Sehnsucht (neun): Andres Lepik

Die BauNetz-Kolumne vor der Biennale


Am kommenden Sonntag, 29. August 2010, öffnet die 12. Architekturbiennale in Venedig ihre Pforten. Das Thema des deutschen Beitrags lautet „Sehnsucht“, und wir nutzen die Gelegenheit, um jede Woche einen Autor über Sehnsucht und Architektur schreiben zu lassen – diese Woche schreibt Andres Lepik über seine Sehnsucht im Bezug auf die Realitätsnähe in der Architektenausbildung:

Princeton, School of Architecture: Die internationalen Studenten der Klasse Elizabeth Diller präsentieren ihre Abschlussarbeit in der thesis-review. Das Thema, dem sie sich fast ein Jahr lang gewidmet haben, ist „Luft“. Es sind einige formal und konzeptionell verblüffende Arbeiten entstanden, präsentiert in hochwertigen Renderings, Animationen und Modellen. Sie reichen von einem ein Kilometer hohen, begehbaren Aviarium mit unterschiedlichen Klimazonen bis hin zu einer städtebaulichen Neuplanung für Havanna, bei der ein ehemaliges Armenviertel komplett mit einer Flughafen-Hotel-Megastruktur überbaut wird.

Angesichts der beinahe totalen Realitätsverweigerung aller Arbeiten, die an diesem Tag vorgestellt werden, frage ich mich: Ist es die retrospektive Sehnsucht nach den Utopien der 60er Jahre, die diese Studenten angetrieben hat? Dazu fehlt ihren Erklärungen allerdings jeglicher politischer Ansatz. Also ist es wohl schlicht Eskapismus, um die deprimierenden Berufsaussichten in der wirtschaftlichen Krise zu überspielen.

In mir steigt während dieser Präsentationen von Anfang an eine ganz andere Sehnsucht auf: Diese Studenten direkt aus der akademischen Isolation ihres Elite-Campus nach Alabama, in das vom leider bereits 2001 verstorbenen Samuel Mockbee gegründete Rural Studio zu verfrachten. Dort könnten sie, wie die anderen Studenten dieses Design-Build-Studios, sich mit den Menschen, die in dieser Region Alabamas zu 40 Prozent unter der Armutsgrenze leben, einmal über die konkreten Bedürfnisse nach Architektur unterhalten. Sie dürften dann, den Spielregeln des Rural Studios folgend, als Gruppe ein gemeinsames Projekt entwickeln, das eine konkrete Verbesserung des Zustands einer Familie oder auch der Gemeinschaft im Ganzen dient. Sie wären mit der Herausforderung konfrontiert, in diesem sozial und ökonomisch problematischen Umfeld selbst Sponsoren für ihr Projekt zu finden, Baumaterialien zu organisieren und am Ende mit ihren eigenen zarten Händen, die bislang wohl überwiegend nur Computertastaturen bedient haben, in einigen Wochen ein Projekt komplett zu realisieren.
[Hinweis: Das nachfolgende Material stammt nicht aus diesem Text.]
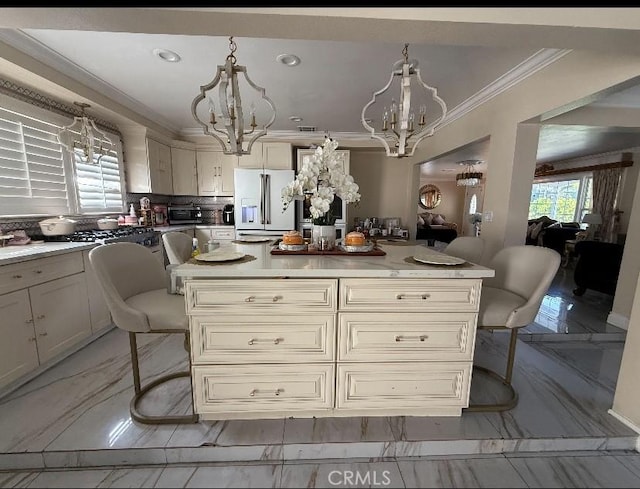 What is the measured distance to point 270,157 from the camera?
177 inches

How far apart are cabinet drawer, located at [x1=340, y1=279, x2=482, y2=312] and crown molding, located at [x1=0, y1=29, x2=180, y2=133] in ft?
9.62

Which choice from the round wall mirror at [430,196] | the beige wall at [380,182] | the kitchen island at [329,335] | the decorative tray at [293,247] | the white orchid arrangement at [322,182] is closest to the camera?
the kitchen island at [329,335]

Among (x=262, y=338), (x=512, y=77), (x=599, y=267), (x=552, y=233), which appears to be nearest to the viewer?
(x=262, y=338)

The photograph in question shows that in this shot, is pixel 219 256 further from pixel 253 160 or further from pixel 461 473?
pixel 253 160

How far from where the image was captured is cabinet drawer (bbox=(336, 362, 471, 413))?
1444 millimetres

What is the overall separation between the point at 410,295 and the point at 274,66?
2333 millimetres

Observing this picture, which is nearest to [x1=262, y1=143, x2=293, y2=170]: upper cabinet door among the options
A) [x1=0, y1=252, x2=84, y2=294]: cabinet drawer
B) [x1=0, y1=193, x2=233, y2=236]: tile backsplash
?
[x1=0, y1=193, x2=233, y2=236]: tile backsplash

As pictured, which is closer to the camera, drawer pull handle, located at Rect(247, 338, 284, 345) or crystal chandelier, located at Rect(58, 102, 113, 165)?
drawer pull handle, located at Rect(247, 338, 284, 345)

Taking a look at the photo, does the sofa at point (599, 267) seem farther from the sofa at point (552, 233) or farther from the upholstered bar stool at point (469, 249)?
the sofa at point (552, 233)

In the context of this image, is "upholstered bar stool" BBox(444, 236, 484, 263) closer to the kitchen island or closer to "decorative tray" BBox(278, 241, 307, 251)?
the kitchen island

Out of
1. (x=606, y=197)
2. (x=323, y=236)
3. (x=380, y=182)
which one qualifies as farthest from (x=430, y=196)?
(x=323, y=236)

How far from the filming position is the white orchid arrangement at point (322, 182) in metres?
1.60

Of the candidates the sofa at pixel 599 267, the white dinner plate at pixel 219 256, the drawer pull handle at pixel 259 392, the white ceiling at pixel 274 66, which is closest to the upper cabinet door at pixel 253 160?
the white ceiling at pixel 274 66

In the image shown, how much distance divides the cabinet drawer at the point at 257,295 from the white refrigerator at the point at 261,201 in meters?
3.09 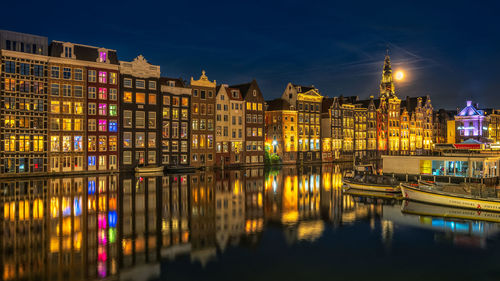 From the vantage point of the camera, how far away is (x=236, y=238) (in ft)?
86.7

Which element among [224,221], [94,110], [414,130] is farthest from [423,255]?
[414,130]

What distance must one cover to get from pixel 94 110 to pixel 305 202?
4394 cm

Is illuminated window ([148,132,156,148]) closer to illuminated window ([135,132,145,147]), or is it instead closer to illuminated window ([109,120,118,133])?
illuminated window ([135,132,145,147])

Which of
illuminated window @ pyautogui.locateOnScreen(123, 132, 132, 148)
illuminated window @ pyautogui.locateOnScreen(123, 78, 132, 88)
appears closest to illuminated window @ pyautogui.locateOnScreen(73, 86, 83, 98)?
illuminated window @ pyautogui.locateOnScreen(123, 78, 132, 88)

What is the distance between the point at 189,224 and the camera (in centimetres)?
2961

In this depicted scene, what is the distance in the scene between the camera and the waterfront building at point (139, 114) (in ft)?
236

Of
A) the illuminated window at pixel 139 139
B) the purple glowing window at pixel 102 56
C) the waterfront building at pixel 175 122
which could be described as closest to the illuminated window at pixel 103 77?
the purple glowing window at pixel 102 56

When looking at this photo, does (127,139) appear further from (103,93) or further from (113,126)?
(103,93)

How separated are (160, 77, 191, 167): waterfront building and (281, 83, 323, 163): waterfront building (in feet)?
109

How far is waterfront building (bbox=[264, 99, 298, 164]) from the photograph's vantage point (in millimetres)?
100562

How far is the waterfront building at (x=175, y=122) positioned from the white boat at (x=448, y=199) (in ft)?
152

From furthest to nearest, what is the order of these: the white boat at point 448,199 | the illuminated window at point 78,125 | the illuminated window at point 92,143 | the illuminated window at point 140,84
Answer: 1. the illuminated window at point 140,84
2. the illuminated window at point 92,143
3. the illuminated window at point 78,125
4. the white boat at point 448,199

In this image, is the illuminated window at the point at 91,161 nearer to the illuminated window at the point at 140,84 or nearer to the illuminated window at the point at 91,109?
the illuminated window at the point at 91,109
Nach einem Jahr hätten sie dann ein praktisches Projekt realisiert und dabei etwas darüber erfahren, was Architektur konkret in einem Umfeld leisten kann, in dem Menschen seit den 30er Jahren in selbstgebastelten Wellblechhütten oder heruntergekommenen Wohnwagen hausen. Meine Sehnsucht wäre es, den Wandel in ihrem Verständnis von der Relevanz ihres Planens miterleben zu können und dann, am Ende, wenn sie als ein Team den bereits über 120 Projekten von Rural Studio noch ein weiteres hinzugefügt haben würden, sie fragen zu dürfen, wie sie jetzt zu ihrer Thesis zum Thema „Luft“ stehen.

Andres Lepik ist Curator am Architecture and Design Department des Museum of Modern Art in New York. Seine Ausstellung „Small Scale Big Change. New Architectures of Social Engagement“ eröffnet im Oktober.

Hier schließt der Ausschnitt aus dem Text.